Has been amended to read as follows:
     “Section 7. The Chairman of the Board of Directors. Unless otherwise determined by the Board of Directors, the Chairman of the Board of Directors shall be the chief executive officer of the Corporation and shall have general supervision over the business and operations of the Corporation, subject, however, to the control of the Board of Directors. The Chairman of the Board of Directors shall serve as Chairman of the Executive Committee, subject, however, to the control of the Board of Directors. He shall, if present thereat, preside as Chairman at all meetings of the shareholders and of the directors. He shall be, ex officio, a member of all standing committees of the Board of Directors except the Audit, Nominating and Governance and

 


 

Compensation Committees. The Chairman shall be authorized to sign, execute, and acknowledge, in the name of the Corporation, deeds, mortgages, bonds, contracts, and other instruments authorized by the Board of Directors, except in cases where the signing and execution thereof shall be expressly delegated by the Board of Directors to some other officer or agent of the Corporation. He shall have such other powers and perform such further duties as may be assigned to him by the Board of Directors.”

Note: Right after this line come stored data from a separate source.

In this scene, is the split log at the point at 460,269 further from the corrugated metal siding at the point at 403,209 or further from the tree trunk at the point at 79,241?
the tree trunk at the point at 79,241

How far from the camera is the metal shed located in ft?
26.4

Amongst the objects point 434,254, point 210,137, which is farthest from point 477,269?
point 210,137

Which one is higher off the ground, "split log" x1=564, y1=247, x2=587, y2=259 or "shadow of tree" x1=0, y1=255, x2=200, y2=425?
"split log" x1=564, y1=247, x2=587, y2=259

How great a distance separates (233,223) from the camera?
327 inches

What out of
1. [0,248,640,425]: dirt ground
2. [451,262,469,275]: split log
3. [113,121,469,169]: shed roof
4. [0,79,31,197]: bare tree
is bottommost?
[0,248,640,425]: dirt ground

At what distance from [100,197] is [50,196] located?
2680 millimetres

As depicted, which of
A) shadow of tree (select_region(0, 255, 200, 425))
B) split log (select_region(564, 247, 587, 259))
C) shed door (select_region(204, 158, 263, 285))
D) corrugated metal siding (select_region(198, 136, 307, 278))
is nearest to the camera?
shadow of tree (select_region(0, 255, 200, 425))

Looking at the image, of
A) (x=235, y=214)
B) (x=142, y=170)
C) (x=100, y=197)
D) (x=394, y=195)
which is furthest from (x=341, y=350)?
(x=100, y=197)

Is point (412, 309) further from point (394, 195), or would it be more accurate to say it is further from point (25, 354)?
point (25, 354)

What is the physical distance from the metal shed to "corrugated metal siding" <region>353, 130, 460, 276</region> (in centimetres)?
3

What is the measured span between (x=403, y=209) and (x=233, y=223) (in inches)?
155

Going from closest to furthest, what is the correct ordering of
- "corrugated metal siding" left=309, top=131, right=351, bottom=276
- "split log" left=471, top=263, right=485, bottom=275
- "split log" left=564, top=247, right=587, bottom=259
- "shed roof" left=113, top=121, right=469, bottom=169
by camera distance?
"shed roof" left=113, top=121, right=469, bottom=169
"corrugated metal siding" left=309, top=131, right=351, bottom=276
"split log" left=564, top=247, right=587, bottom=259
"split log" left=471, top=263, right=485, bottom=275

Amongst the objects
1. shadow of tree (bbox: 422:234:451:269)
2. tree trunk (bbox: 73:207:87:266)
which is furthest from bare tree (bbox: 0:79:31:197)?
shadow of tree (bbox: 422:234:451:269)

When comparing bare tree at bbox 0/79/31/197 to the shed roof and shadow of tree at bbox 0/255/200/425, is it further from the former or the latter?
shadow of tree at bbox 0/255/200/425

Section 8 of Article V of the By-Laws of VF Corporation which previously read as follows:
     “Section 8. The President. The President shall be the chief operating officer of the Corporation and shall be authorized to sign, execute, and acknowledge, in the name of the Corporation, deeds, mortgages, bonds, contracts, and other instruments authorized by the Board of Directors, except in cases where the signing and execution thereof shall be expressly delegated by the Board of Directors to some other officer or agent of the Corporation; and in general, he shall perform duties incident to the office of President, and such other duties as from time to time may be assigned to him by the Board of Directors or by the Chairman.”

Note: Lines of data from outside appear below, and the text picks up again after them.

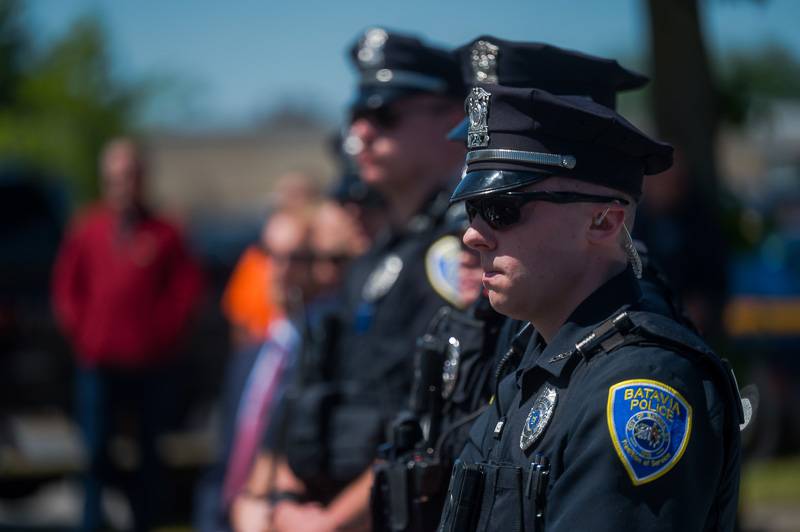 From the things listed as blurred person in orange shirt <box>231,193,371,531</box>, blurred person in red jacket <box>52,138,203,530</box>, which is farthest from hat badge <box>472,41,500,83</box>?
blurred person in red jacket <box>52,138,203,530</box>

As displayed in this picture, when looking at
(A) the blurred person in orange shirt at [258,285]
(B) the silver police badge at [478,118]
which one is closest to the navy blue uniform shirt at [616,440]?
(B) the silver police badge at [478,118]

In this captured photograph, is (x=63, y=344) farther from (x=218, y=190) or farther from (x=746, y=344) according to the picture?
(x=218, y=190)

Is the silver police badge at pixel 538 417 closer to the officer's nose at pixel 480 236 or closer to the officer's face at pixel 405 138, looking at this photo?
the officer's nose at pixel 480 236

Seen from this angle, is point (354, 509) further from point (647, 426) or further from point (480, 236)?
point (647, 426)

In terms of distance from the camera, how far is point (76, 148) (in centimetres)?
3038

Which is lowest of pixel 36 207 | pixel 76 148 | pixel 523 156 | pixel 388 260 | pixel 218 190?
pixel 218 190

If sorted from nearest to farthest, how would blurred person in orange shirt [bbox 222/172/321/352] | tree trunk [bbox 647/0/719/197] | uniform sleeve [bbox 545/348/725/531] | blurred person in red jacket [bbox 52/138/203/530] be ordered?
uniform sleeve [bbox 545/348/725/531], tree trunk [bbox 647/0/719/197], blurred person in orange shirt [bbox 222/172/321/352], blurred person in red jacket [bbox 52/138/203/530]

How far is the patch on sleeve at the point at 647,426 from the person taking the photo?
5.88 feet

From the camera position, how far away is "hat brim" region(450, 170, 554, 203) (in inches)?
80.2

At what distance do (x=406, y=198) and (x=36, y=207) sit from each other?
252 inches

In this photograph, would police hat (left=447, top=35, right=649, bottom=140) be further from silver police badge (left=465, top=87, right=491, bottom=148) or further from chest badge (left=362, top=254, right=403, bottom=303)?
chest badge (left=362, top=254, right=403, bottom=303)

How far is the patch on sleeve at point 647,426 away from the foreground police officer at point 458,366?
60 cm

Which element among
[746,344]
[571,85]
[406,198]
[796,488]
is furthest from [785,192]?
[571,85]

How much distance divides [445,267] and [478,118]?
0.94 m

Has been amended to read as follows:
     “Section 8. The President. Unless the Board of Directors has determined that the President shall serve as the chief executive officer of the Corporation with general supervision over the business and operations of the Corporation (subject, however, to the control of the Board of Directors), the President shall be the chief operating officer of the Corporation and shall be authorized to sign, execute, and acknowledge, in the name of the Corporation, deeds, mortgages, bonds, contracts, and other instruments authorized by the Board of Directors, except in cases where the signing and execution thereof shall be expressly delegated by the Board of Directors to some other officer or agent of the Corporation; and in general, he shall perform duties incident to the office of President, and such other duties as from time to time may be assigned to him by the Board of Directors or by the Chairman. If the President is serving as a director, then during the absence or disability of the Chairman of the Board, he shall preside at all meetings of the shareholders or the Board of Directors.”